Could you imagine having your choice of directing a movie about The Flash or a movie about Aquaman? On the surface, most people would probably pick The Flash, right? Ahead, James Wan reveals that he had exactly this choice to make and explains why he decided to take the, let’s say, less conventional choice. And, yes, he knows you make fun of Aquaman – and that’s exactly why he chose the way he did.

But, we are getting ahead of ourselves. This week, Wan is returning to his horror roots with The Conjuring 2, a sequel to the massive blockbuster of a first film that grossed $318 million in 2013. Wan returns to horror after directing Furious 7, a critical and financial hit that, as Wan admits, was a difficult film to make (for numerous reasons, including the tragic death of star Paul Walker). As Wan says ahead, he felt reinvigorated to tell another story from the case files of Ed and Lorraine Warren (played by Patrick Wilson and Vera Farmiga), this time with a case of the supernatural that takes place just outside of London.

Ahead, Wan explains just why he felt he had one more story to tell with the Warrens (and how Warner Bros. convinced him to keep his 134-minute runtime), and Wan reveals why Aquaman, for him, was the obvious choice over The Flash.

I am not a big horror fan. Why do people like me like the Conjuring movies?

Listen, I think that’s the biggest compliment that these movies can have. I do think it’s partly because people love that they have real characters and it takes time to tell people’s stories and it’s not just about the scary set pieces, and the human element is what resonates with a lot of people.

In a lot of horror franchises that have more than one movie, we follow the villain. Here we follow the Warrens.

Yeah, you’re right. I didn’t really think about it from that perspective, but it’s usually

Freddy Krueger…

Or the Jason or the Michael. Usually those are the characters that you franchise from, not the victim. But I think in some says, that’s the testament of these two characters – they work somewhat like superheroes.

There’s only so many times we can watch Jason Voorhees kill people before an audience is like, “We get it.”

Well, when you’re a silent killing machine, there’s not a lot of character development you can expand on, right?

And sometimes that is tried, but I’m not sure that really works.

Exactly. You don’t want Jason Voorhees or Michael Myers to have too much of a backstory that removes the mystery of what makes them scary, right?

The way you handle religion in these movies is interesting. Ed and Lorraine are religious, whereas audience members might not be. But it never feels “preachy,” even though their faith is very much part of the characters.

I totally get it. Believe me, I definitely do not want to make a preachy movie at all. You know, faith is such a big part of who the Warrens are, so it’s not something I can sidestep. So I decided to wholeheartedly embrace it. It’s what they use to combat the things that they do. So I wanted to treat it as a character point of who they are – and that’s all it is. And it was something I was very mindful of: I don’t want it to be a commentary on religion, it’s just another part of the storytelling.
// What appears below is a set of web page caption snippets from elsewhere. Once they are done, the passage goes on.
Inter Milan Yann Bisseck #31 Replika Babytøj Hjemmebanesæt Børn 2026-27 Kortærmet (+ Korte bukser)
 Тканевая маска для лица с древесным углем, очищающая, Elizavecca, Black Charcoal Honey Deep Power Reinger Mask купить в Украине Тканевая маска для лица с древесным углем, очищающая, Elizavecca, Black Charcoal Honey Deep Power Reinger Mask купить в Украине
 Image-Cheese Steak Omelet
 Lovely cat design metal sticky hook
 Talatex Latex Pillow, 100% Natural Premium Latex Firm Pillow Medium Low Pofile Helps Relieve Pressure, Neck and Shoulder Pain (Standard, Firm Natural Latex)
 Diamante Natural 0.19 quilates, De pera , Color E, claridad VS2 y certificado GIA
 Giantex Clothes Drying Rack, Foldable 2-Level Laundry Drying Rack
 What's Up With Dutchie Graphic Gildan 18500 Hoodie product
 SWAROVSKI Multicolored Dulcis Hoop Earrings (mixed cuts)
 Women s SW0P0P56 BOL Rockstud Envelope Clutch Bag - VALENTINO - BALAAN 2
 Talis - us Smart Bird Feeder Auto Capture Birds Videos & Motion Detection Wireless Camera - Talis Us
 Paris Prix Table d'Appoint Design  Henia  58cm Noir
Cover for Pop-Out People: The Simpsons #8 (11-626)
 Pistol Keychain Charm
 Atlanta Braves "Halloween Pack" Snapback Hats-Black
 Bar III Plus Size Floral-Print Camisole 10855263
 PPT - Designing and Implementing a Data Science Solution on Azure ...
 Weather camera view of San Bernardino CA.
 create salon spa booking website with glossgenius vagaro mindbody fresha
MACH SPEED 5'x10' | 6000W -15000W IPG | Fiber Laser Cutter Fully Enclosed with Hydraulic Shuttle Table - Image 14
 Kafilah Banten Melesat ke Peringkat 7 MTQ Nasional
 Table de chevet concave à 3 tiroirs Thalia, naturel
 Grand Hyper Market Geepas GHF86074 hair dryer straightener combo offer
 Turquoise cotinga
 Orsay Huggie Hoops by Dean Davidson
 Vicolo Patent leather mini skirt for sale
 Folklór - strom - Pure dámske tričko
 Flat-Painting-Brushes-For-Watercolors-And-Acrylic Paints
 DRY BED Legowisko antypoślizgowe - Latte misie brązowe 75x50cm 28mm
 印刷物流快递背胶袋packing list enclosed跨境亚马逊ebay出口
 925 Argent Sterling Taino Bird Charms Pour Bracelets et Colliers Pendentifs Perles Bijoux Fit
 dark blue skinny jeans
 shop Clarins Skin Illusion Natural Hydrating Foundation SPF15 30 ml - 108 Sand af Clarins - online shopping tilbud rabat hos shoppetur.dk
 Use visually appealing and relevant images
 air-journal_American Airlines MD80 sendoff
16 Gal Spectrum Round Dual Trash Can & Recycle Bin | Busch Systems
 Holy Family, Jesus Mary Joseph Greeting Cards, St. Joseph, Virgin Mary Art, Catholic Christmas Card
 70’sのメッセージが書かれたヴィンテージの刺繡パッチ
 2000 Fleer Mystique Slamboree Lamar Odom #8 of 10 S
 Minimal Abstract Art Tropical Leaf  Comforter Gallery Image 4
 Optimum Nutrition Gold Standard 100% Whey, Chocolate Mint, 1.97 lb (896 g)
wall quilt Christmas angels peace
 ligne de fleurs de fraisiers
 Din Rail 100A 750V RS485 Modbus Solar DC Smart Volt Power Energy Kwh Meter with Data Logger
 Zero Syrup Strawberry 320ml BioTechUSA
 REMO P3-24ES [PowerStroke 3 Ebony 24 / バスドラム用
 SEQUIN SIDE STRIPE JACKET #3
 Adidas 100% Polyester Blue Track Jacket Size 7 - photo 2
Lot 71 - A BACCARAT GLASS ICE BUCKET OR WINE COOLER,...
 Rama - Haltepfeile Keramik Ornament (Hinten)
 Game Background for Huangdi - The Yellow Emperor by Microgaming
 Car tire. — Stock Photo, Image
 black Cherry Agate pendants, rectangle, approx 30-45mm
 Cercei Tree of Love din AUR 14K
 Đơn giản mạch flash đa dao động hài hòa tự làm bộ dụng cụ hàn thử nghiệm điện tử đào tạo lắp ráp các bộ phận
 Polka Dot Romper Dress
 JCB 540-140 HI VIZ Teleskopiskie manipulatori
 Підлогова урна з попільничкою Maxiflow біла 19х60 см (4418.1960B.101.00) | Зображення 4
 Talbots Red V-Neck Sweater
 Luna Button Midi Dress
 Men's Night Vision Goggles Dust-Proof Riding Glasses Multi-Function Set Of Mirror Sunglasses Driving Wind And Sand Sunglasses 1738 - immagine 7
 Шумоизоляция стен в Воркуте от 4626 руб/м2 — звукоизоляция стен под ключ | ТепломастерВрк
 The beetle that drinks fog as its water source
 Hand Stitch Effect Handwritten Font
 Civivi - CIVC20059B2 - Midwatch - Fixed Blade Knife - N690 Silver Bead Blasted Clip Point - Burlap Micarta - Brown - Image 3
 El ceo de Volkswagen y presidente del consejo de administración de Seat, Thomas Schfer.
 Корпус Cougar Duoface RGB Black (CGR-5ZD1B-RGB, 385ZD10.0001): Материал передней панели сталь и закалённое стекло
I just saw that the Amityville house is for sale.

[Laughs.] Yeah, everyone is sending me that story.

You should buy it.

You know, it would be great if the studio would just rent it for a day or two and did press from the house.

I would not go.

Come on, it would be fun! Just to go in and feel it out!

You and I have very different definitions of “fun.” I can live my life just fine without ever entering that house.

You’re afraid you might have some evil entity latch onto you and you bring it back with you. I totally appreciate that.

I’d rather not take the chance.

I’m the same. That’s the reason I don’t play with shit like Ouija boards or anything like that, because there’s no reason to tempt the universe.

Why risk it?

Exactly. Why risk it?

The Conjuring 2 starts out with the Amityville case. Could you make a whole movie about that with the Warrens? Or are there legal reasons you can’t?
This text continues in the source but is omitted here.